Eastern Oysters

I can provide eastern oyster varieties but we rarely do so, unless I am doing vertical flight tastings of oysters from different areas in North America. I think that the west coast varieties are more flavorful then the east coast product. Oyster growers on the west coast have also begun growing the east coast variety. Called ‘virginicas’ or Atlantics, these oysters have won blind tasting contests against the best oysters the east coast has to offer. I am happy to provide this eastern oyster if available.

The eastern oyster is found from the cold waters of Nova Scotia down through Maine, Massachusetts, New York, the Chesapeake region to the Carolinas and the west coast of Florida, around Florida to all the Gulf states (Alabama, Louisiana and Texas), and finally into eastern Mexico. The scientific name for the eastern oyster is Crassostrea virginica, which translates to deep cups from Virginia. It’s hard for many people to appreciate how important and plentiful eastern oysters were 100 years ago. Indians dined on them regularly. The colonists ate them as an easy source of delicious protein and a go to food in times of scarcity. At one time, there were so many oysters in the Chesapeake Bay that the waters of the entire ecosystem were filtered twice a day by the native oysters. Now the bay is filtered once every two years.

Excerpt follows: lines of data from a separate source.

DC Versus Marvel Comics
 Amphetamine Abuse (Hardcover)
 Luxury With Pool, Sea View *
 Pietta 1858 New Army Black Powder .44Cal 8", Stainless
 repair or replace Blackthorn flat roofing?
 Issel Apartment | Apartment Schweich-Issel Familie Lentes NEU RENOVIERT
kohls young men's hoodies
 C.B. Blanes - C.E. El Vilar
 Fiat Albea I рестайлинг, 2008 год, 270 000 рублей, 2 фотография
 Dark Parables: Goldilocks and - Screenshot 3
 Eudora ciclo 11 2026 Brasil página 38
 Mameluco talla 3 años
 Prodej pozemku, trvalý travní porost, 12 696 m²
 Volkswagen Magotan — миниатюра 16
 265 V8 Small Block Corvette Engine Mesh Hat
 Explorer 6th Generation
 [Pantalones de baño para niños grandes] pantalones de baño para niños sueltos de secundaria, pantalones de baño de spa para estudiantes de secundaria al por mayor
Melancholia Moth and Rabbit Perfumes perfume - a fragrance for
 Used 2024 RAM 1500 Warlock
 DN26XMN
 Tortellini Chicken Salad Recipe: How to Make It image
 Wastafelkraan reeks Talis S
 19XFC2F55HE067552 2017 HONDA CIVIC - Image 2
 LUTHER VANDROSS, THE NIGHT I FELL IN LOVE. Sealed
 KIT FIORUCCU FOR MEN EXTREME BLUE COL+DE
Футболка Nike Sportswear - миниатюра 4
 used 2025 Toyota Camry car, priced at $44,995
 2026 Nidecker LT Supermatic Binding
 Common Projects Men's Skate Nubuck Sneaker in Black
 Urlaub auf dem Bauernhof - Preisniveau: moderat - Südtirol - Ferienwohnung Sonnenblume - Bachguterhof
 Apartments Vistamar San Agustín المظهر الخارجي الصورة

The names people are used to hearing for eastern oysters are regional names. First of all, a true Blue Point oyster is found in the oyster beds near Blue Point in the Great South Bay off Long Island. Today you see ‘Blue Points’ from other areas. Many eastern oysters are named for the region from which they are grown and harvested. These include: Blue Points from New York; Malpeque oysters from Nova Scotia; Beausoleil oysters from Nova Scotia; Wellfleet oysters from Boston; Cotuits oysters from Cape Cod; Chincoteague oysters from Chesapeake Bay; Apalachacola oysters from Florida; Gulf oysters from Alabama and Louisiana and Galveston oysters from Texas.

The Bluepoint Oysters and Clam

Oysters are like wines. The merroir (refers to the flavors imparted by the different areas of the sea) changes from area to area and from season to season within an area. Local oyster lovers argue strenuously that the oyster they are used to eating are the best. We want you to decide.

Oysters Roasting

Oyster roasts are very popular on the east coast. If I am “roasting” oysters for you, I will ALWAYS open the oyster first so the oyster does not become overcooked.